Labor welcomes the announcement yesterday by the Minister for Veterans and Defence Personnel Darren Chester that implementation of the new Veteran Treatment Cycle Initiative will be delayed until October.

For some time, Labor has raised concerns about the proposed changes to the treatment cycle for allied health referrals for veterans.

Under the changes, instead of a blanket referral for up to one year, GPs will have to refer clients to an allied health professional for a ‘treatment cycle’ of up to 12 sessions or one year, whichever comes sooner.

At the end of each cycle, the provider must report back to the GP who will decide if further treatment is required and the veteran will need to go back to their GP to get a new referral.

This could mean an extra visit to the GP every few weeks for many veterans with high and complex needs, and result in gaps and delays in treatment.

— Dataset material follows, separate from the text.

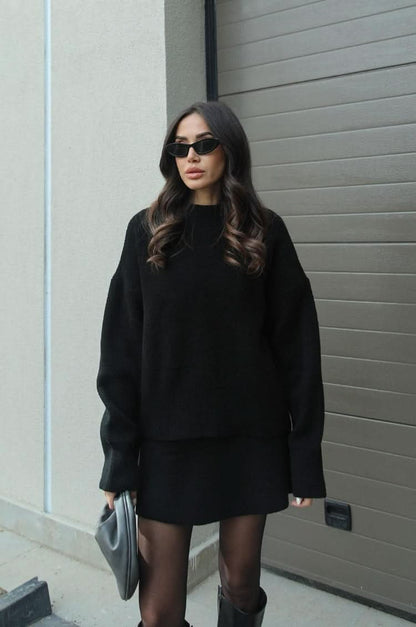 Violet Knit Two Piece Set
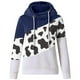 thumbnail image 4 of Puntoco Mujeres Vaca Impreso Pullover Sudaderas Con Capucha De Manga Larga Con Cordón Tops Sudadera Puntoco Puntoco-7150, 4 of 5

Veterans will be out of pocket from the cost of increased GP visits and it will particularly disadvantage people living in rural and remote areas.

The delay in the implementation of the treatment cycle shows that serious problems remain with the transition to the new system.

This last-minute backflip by the Government on the start date shows it has failed to consult properly with veterans and health professionals.

Labor is pleased they are finally listening and hopes the delay will allow for proper communication and processes to be put in place to support the changes.

But Labor still has serious concerns about this harsh and inflexible one-size-fits-all model and the impact it will have on many veterans, who deserve the best possible care and support.

Labor believes the system should be more flexible and veterans with complex cases should be exempt.

These changes follow cuts in the Budget of $40 million from critical allied health services to our veterans.

The Department of Veterans’ Affairs has admitted this cut will result in veterans having access to fewer services.

This was on top of the Repatriation Medical Fee Schedule freeze, which has already seen a reduction in access to critical medical services for our veterans.

This is nothing more than cruel and callous cost-cutting at the expense of some of our most vulnerable veterans.

Our veterans, ex-service personnel and war widows rely on access to essential medical services.

They need a system that works for them.